━━━━━ DATA FOR THE TASK

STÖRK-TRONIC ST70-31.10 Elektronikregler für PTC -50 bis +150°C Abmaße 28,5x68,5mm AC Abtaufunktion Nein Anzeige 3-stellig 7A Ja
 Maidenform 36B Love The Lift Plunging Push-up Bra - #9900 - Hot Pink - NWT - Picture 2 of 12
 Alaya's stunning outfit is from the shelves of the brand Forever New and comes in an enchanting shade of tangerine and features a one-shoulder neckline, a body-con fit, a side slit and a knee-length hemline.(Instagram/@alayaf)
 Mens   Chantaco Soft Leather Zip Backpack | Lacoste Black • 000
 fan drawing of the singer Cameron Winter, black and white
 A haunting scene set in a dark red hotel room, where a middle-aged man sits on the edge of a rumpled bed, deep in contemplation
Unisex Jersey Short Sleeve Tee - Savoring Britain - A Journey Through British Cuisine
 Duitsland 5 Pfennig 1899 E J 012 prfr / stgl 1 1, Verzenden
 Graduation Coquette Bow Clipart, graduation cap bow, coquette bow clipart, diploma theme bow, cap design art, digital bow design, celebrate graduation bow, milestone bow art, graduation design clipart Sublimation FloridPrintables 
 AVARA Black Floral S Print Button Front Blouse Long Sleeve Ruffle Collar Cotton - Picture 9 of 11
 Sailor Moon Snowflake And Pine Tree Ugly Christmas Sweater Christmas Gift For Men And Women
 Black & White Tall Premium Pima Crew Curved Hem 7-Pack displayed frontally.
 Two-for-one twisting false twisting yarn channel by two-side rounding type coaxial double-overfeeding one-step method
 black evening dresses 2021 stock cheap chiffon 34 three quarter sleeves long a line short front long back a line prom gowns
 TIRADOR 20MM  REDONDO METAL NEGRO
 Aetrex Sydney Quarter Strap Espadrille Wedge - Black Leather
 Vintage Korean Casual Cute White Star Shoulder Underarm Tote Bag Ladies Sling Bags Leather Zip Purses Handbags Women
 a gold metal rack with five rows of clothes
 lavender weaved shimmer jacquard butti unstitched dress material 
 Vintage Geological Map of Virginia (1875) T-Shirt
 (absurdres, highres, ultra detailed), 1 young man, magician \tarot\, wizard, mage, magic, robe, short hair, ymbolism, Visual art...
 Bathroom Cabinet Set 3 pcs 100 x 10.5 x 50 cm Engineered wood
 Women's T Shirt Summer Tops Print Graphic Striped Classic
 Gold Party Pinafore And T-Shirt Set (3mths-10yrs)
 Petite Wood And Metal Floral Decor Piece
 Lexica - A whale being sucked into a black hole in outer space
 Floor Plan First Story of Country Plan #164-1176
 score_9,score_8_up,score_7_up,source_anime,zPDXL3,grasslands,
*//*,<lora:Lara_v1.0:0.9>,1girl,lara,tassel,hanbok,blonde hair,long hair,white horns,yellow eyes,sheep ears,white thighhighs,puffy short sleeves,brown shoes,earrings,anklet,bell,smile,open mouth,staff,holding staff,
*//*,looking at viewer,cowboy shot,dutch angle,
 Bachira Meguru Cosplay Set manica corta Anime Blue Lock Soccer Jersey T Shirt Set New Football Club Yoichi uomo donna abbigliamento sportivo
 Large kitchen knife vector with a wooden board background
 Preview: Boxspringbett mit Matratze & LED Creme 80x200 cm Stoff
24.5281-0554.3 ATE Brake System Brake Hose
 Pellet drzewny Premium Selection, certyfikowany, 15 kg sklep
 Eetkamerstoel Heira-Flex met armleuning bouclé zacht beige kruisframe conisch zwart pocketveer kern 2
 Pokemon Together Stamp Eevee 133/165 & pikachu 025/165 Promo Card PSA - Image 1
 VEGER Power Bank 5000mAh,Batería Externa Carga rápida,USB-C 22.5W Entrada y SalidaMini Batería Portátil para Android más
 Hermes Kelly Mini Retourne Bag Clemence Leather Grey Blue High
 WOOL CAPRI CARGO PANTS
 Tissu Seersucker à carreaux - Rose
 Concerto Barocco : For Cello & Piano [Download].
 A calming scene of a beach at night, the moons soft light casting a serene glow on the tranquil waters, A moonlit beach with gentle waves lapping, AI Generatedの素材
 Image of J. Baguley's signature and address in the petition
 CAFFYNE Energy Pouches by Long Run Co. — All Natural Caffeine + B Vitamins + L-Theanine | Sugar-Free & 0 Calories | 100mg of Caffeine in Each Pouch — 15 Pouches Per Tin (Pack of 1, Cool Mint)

━━━━━━━━━━

» WORK REQUEST:
Reproduce exactly, please, only the lines from the start of the data above to the line that contains "Duitsland 5 Pfennig", with both ends kept.

» SOLUTION:
STÖRK-TRONIC ST70-31.10 Elektronikregler für PTC -50 bis +150°C Abmaße 28,5x68,5mm AC Abtaufunktion Nein Anzeige 3-stellig 7A Ja
 Maidenform 36B Love The Lift Plunging Push-up Bra - #9900 - Hot Pink - NWT - Picture 2 of 12
 Alaya's stunning outfit is from the shelves of the brand Forever New and comes in an enchanting shade of tangerine and features a one-shoulder neckline, a body-con fit, a side slit and a knee-length hemline.(Instagram/@alayaf)
 Mens   Chantaco Soft Leather Zip Backpack | Lacoste Black • 000
 fan drawing of the singer Cameron Winter, black and white
 A haunting scene set in a dark red hotel room, where a middle-aged man sits on the edge of a rumpled bed, deep in contemplation
Unisex Jersey Short Sleeve Tee - Savoring Britain - A Journey Through British Cuisine
 Duitsland 5 Pfennig 1899 E J 012 prfr / stgl 1 1, Verzenden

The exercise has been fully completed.